PROMPT >>
Your answer should consist only of the lines below from the one with "Grim Tales 13" through the one with "Ombre Choc Brown", copied exactly.

EXTRACTED INFORMATION >>
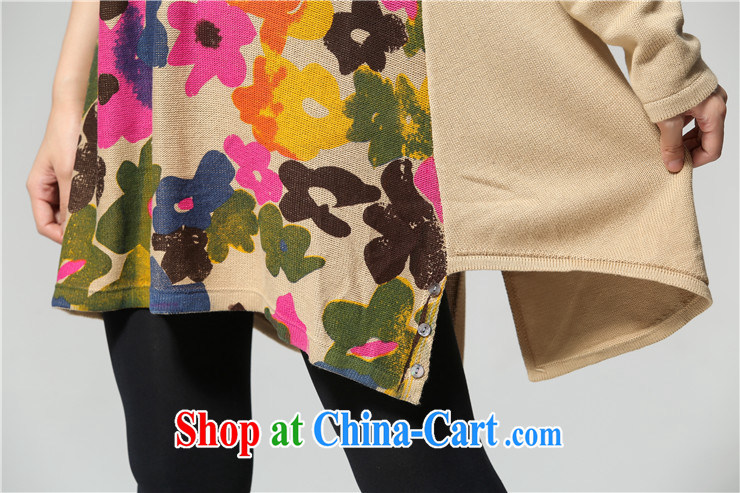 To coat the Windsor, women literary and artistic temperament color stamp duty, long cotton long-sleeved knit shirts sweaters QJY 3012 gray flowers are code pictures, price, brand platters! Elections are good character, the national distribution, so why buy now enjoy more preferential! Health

==

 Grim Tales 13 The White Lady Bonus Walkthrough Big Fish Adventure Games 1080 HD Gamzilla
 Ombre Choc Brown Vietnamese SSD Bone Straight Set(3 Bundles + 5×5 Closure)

---

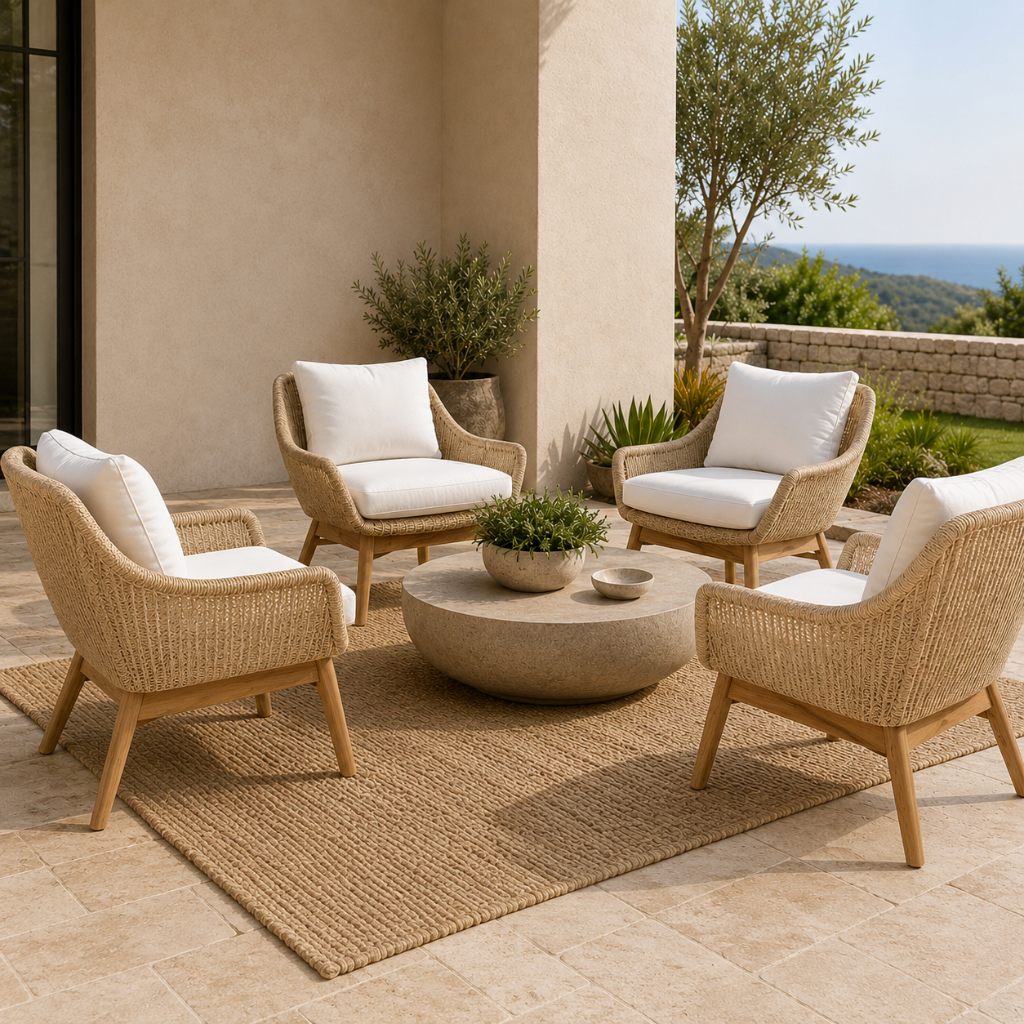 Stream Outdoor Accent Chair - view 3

SOLUTION TO THE EXERCISE >>
 Grim Tales 13 The White Lady Bonus Walkthrough Big Fish Adventure Games 1080 HD Gamzilla
 Ombre Choc Brown Vietnamese SSD Bone Straight Set(3 Bundles + 5×5 Closure)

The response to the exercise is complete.